= Andrew Beveridge Doig =

Scottish minister and missionary

Andrew Beveridge Doig (18 September 1914 - 21 December 1997) was a Scottish minister and African missionary of the Church of Scotland who served as Moderator of the General Assembly in 1981/2.

==Life==
He was born in Carluke on 18 September 1914 the son of George Doig, a railway clerk, originally from Kirriemuir, and his wife Hannah Andrew Beveridge. He was educated at Hyndland Secondary School in Glasgow and attended the Broomhill Church there. He then studied Arts and Divinity at Glasgow University graduating BD around 1936. He then did postgraduate study at the Union Theological Seminary in New York City in the USA. Under the influence of his mother and the evangelist, D. P. Thomson, he was ordained as a Church of Scotland missionary in 1938, and sought to spread Christianity in Africa.

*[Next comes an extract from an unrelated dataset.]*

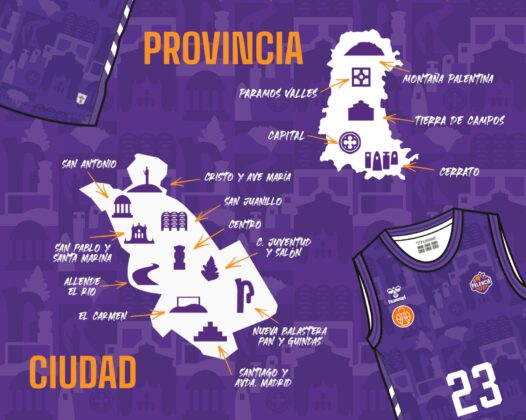 Elementos de la nueva equipaci&oacute;n del Palencia Baloncesto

In April 1939 he went to Blantyre, Nyasaland to do missionary work for various churches. At the advent of the Second World War he became Army Chaplain to the King's African Rifles and served in Ethiopia and Kenya. In 1946 he became part of Nyasaland's Legislative Council.

In 1951 he met Hastings Banda in Nyasaland. Although originally seeing Banda as a good influence he ultimately ended in opposition to him when he was famously a Church of Scotland envoy asking for clemency at the trial of Orton Chirwa. This resulted in the death sentence being changed to life imprisonment.

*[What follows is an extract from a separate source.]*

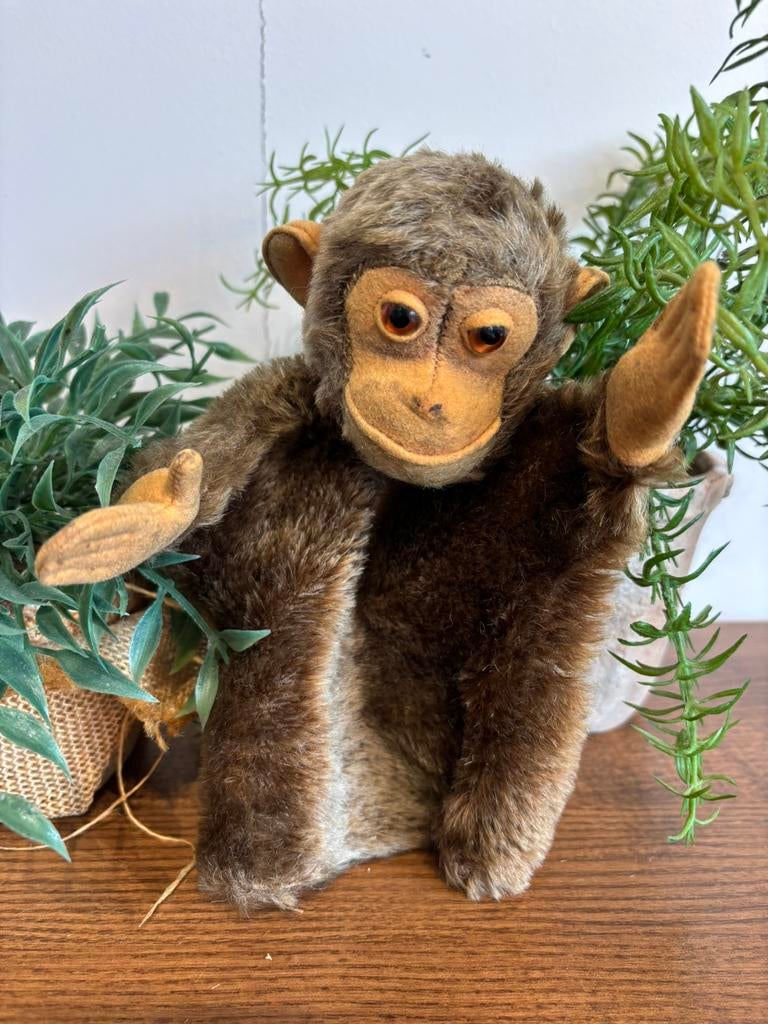 Steiff vintage apenhandpop,  1959-1964., Verzenden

In 1953 he was briefly a Member of Parliament for the short-lived Federation of Rhodesia and Nyasaland.

From 1962 to 1972 he was minister of Kings Park Church in Dalkeith. From 1972 to 1981 he was General Secretary of the National Bible Society of Scotland. He was an Executive Committee Member (representing Europe) for the United Bible Societies.

His role as Moderator came in 1981 immediately after his retirement from the National Bible Society. His most unusual duty during his term of office was to represent the Church of Scotland at the marriage of Prince Charles and Lady Diana. He was succeeded in 1982 by Very Rev John McIntyre.

He died in his cottage at Moulin near Pitlochry on 21 December 1997.

==Publications==
- The Missionary Motive and the Missionary Approach (1939)
- Its People That Count (1997)

==Family==
In 1940 he married fellow-missionary Annie Nicol ("Nan") Carruthers, who died in Nyasaland in 1947. They had one daughter.

In 1950 he married Barbara Young, headmistress of a girls school in Blantyre, Malawi (originally from Leven, Fife) in Leven. They had one son and one daughter.